[RECORDED DATA — start]
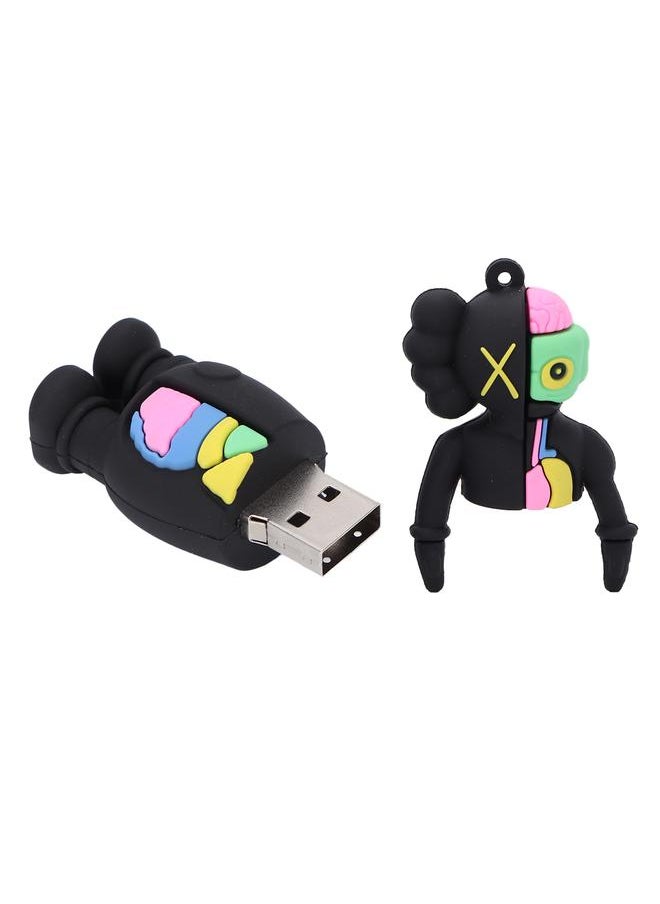 Thoraya Memory Stick USB 2.0 U Disk Flash Drive 3D Cartoon Appearance Data Storage Gift 32GB  - Image 5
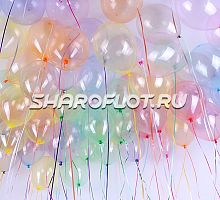 Шарики Мыльные пузыри на потолок 30см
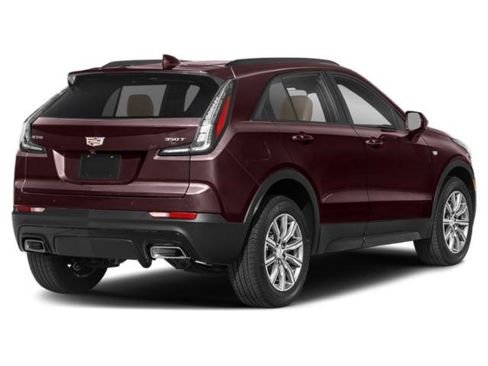 Used 2020 Cadillac XT4 Sport w/ Cold Weather Package image 3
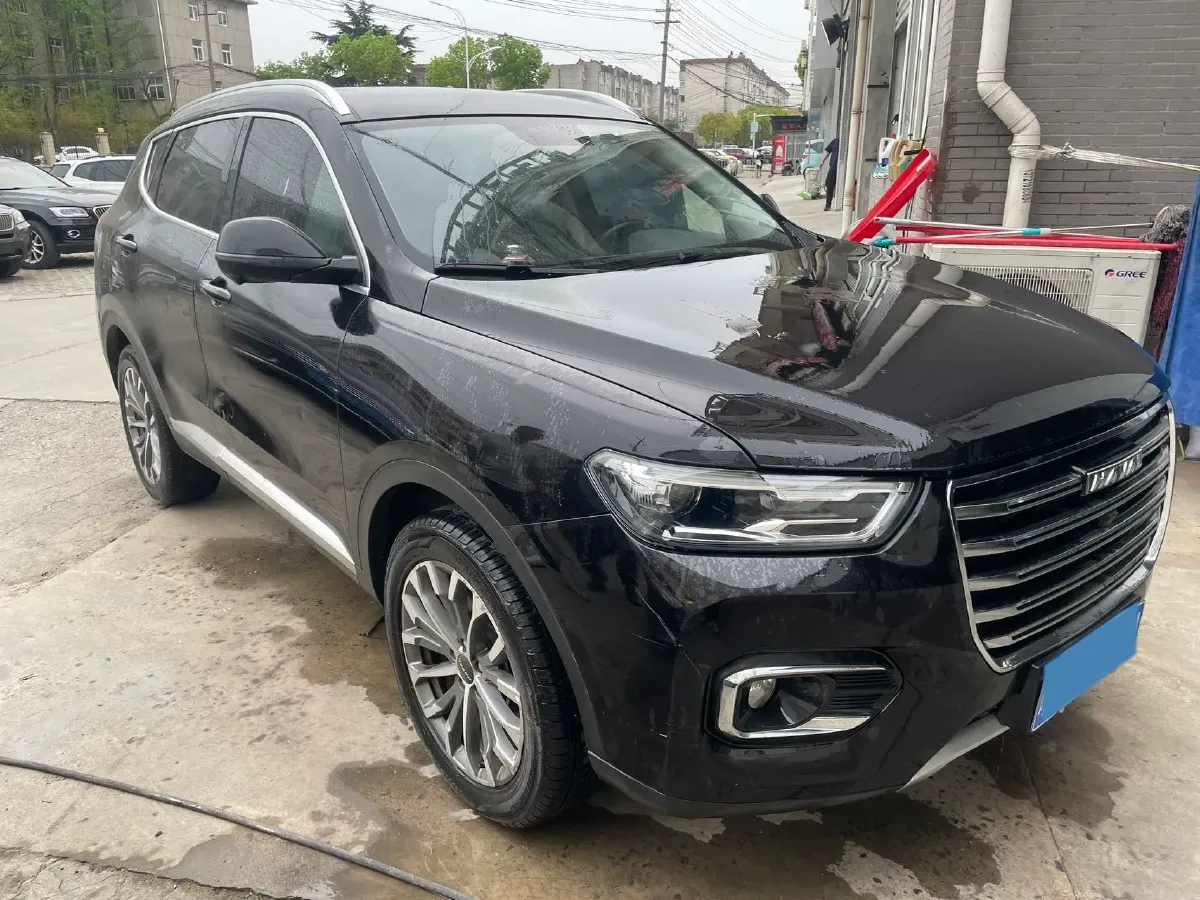 2020 Haval H6 1.5T 169HP L4 7DCT,autocango,china used car exporter,china ev exporter,chinese used car exporter,chinese used ev exporter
[RECORDED DATA — finish]
- [BRIEF]
Hand back the data exactly as it appears, with all pictures cut.

- [TASK OUTPUT]
 Thoraya Memory Stick USB 2.0 U Disk Flash Drive 3D Cartoon Appearance Data Storage Gift 32GB  - Image 5
 Шарики Мыльные пузыри на потолок 30см
 Used 2020 Cadillac XT4 Sport w/ Cold Weather Package image 3
 2020 Haval H6 1.5T 169HP L4 7DCT,autocango,china used car exporter,china ev exporter,chinese used car exporter,chinese used ev exporter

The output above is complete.